In other times, the incipit alone would have been enough to put me in a bad mood: “Any discussion of what’s wrong with Italian politics eventually leads to the question of what’s wrong with the country’s media.” What? Even a tipsy Machiavelli would refute such a start! The only political scenario that would actually worry me within the Repubblica’s territory would, in fact, be one that would not appear wrong to the naked eye! I actually think that we have more than enough of perfect systems. And the results obtained are still standing in front of everybody’s eyes, from East to West. I do not even think that Italian politics, by themselves, are actually sicker than those of any other free country. Unless now Washington plans to convince us that the hawks have retired. How could the option be considered when the effects of “The Madoff Cyclone” still ache?
Unfortunately for us, our problems are far more complex than a mere “wrong-policy”, not mentioning that, to list them all would require much more than just a catchy incipit.
In other times, even the unfailing litany of the Italians who do not read while the surrounding world shines with its own intellectual joy would have made me nervous. Today, I will restrict myself to conclude that, maybe, I was the only one to ever watch, via satellite, dull overseas games and reality shows presenting individuals whose IQ resulted clearly lower than any of the silicon breasts seen during the last Italian Big Brothel.

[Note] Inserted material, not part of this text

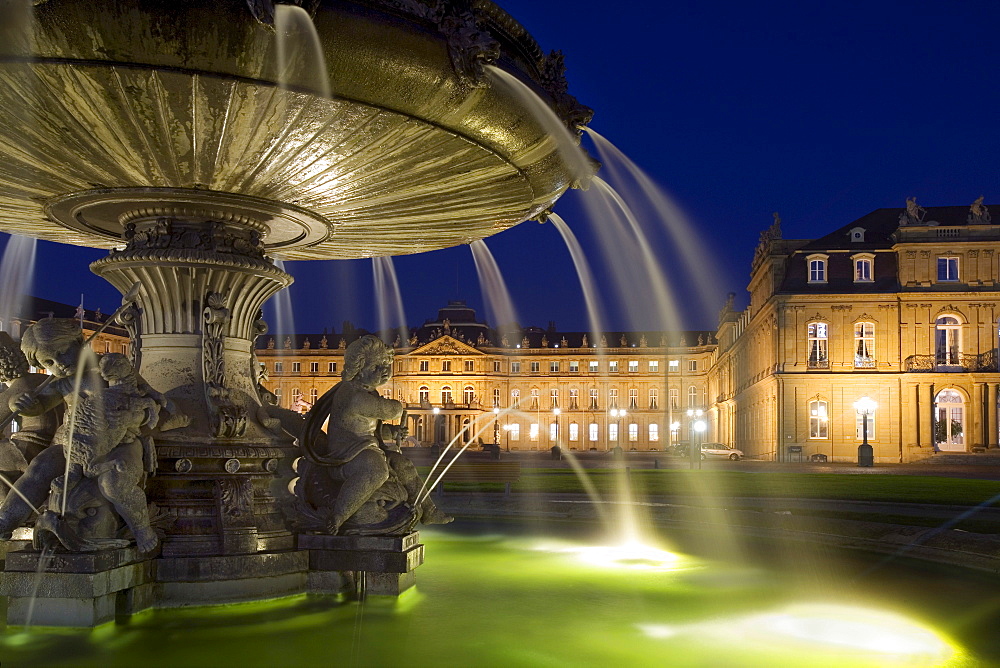 Fountain on Schlossplatz Square, New Castle, Stuttgart, Baden-Wuerttemberg, Germany, Europe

In other times, I would have been angered by the superficial analysis, typical of the usual Biannual Report on the Bel Paese published, in turns, by this or that “important” international newspaper. Sometimes I get the feeling that these publications coincide with the Roman Holidays of the professionals that, by the way, write with the deserved-awarded vacation received for their admirable coverage of the American presidential campaign or the Iraq War, or whatever it might be.

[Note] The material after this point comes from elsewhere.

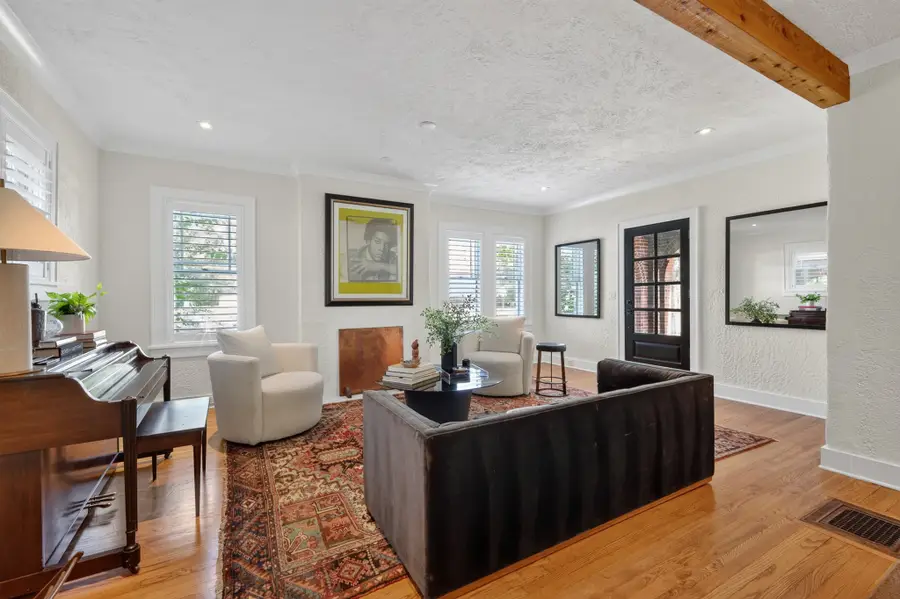 2803 Woodlawn Dr, Nashville, TN 37215 - #2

In other times, nothing would have been enough to sooth my agitated spirits, not even the fact that at least the foreign author does not avoid including names and surnames in his article. Unfortunately nowadays, all I can say is that Faris is right. His j’accuse concerning the untrustworthiness of the Italian press and his given motivations has my full assent—sight unseen. I am not even interested in looking at any further detail.
To realize that he hit the mark it is enough to see the space that Time’s article –TIME, not the latest provincial journal– has been given on the main national papers: dead silence. Apart from Dagospia (2), naturally! The debate that it should have otherwise triggered was dead before it was even born. All this while under the premise of news worth commenting on, Italian journalism web sites continued to highlight the poisoned darts thrown by the various unknown tabloids, edited in some lost Bronteyish memory Heath.

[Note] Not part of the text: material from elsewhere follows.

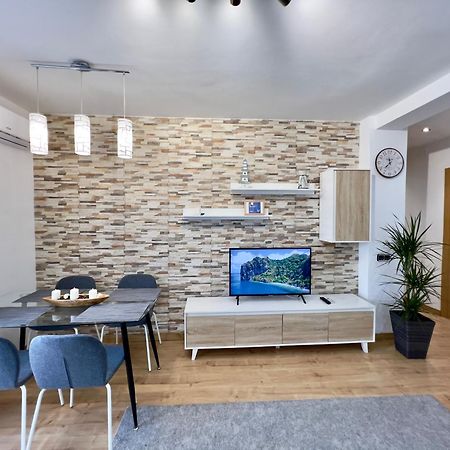 Cozy Apartment In Valencia! Wi-Fi ! Bagian luar foto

In conclusion, the morbid and often supernatural dynamics, the unmentionable misdeeds that torment the souls of men and women who live in the “wuthering heights” well suit what Italian journalism offers up. Or better, what the abbess and the prior allow it to offer up. All this while fairly skilled scribes and amanuenses toil within the sacred walls from dawn to dusk—obedient servants to the slightest command. And under command, they dream. Under command, they speak. Under command they laugh, and argue, and battle, and get angry. And under command, they retell their unmentionable misdeeds. The filthy desires…of others. Wuthering scribes indeed!
Rina Brundu
Dublin, 27/08/2009
All rights reserved ©
(1) TIME Magazine, Italy’s Newspapers: Untrusted Sources
By STEPHAN FARIS
(2) A well-known Italian site of gossip and news.